WORK REQUEST: I need the lines from the one holding "主图_2 Camiseta algodón" to the last line of the data below repeated exactly, both included, without pictures.

[Extracted records]
((
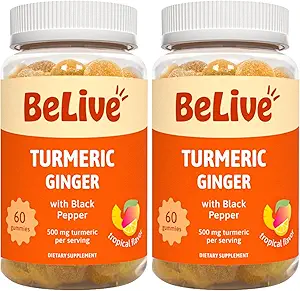BeLive Turmeric Curcumin with Black Pepper & Ginger - 500 mg of Turmeric and Ginger for Imune support, 健康皮肤和流动性 - 热带火焰 - 60 计数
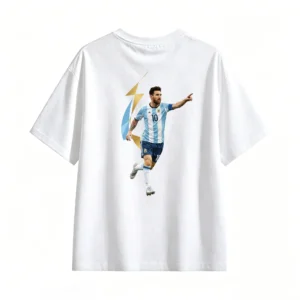 主图_2 Camiseta algodón con estampa trasera de Messi en pose de celebración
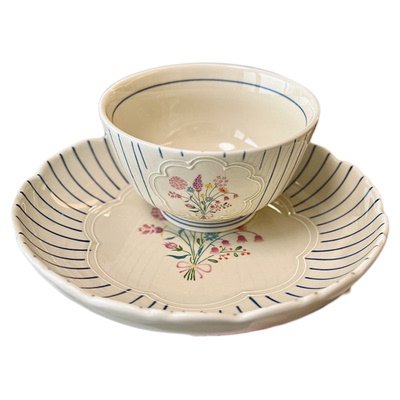 日式瑞和釉下彩手绘家用碗盘套装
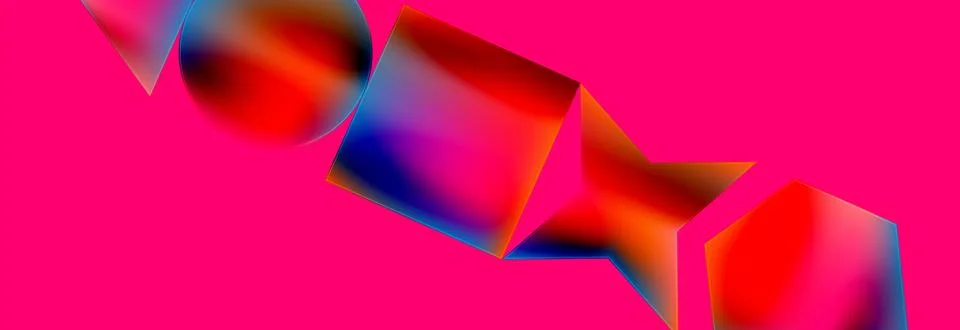 Neon color geometric shapes square triangle circle abstract background. Vector Illustrazione stock
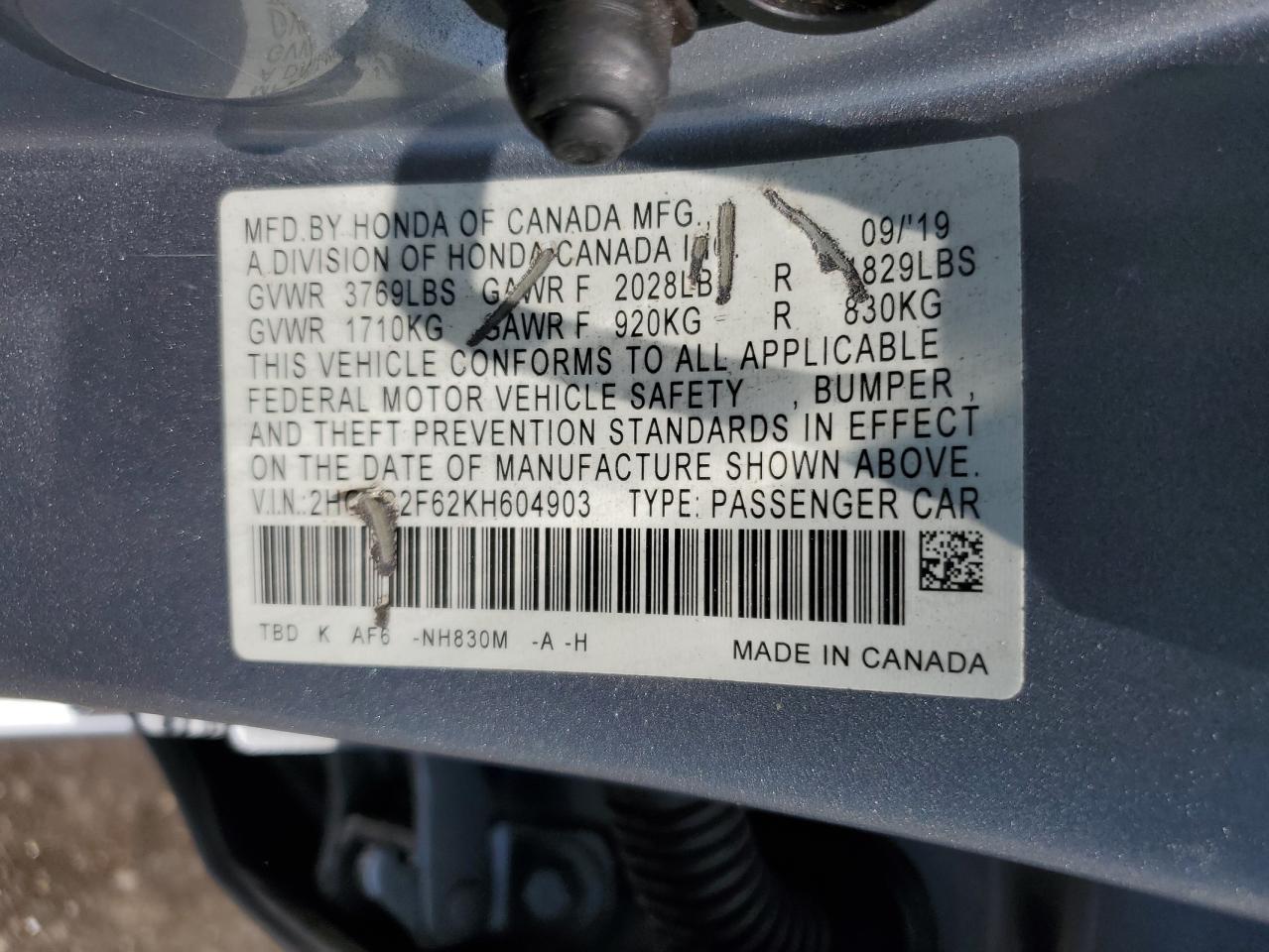 2019 Honda Civic Lx VIN: 2HGFC2F62KH604903 Lot: 66356144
))
ANSWER TO THIS PROBLEM:
 主图_2 Camiseta algodón con estampa trasera de Messi en pose de celebración
 日式瑞和釉下彩手绘家用碗盘套装
 Neon color geometric shapes square triangle circle abstract background. Vector Illustrazione stock
 2019 Honda Civic Lx VIN: 2HGFC2F62KH604903 Lot: 66356144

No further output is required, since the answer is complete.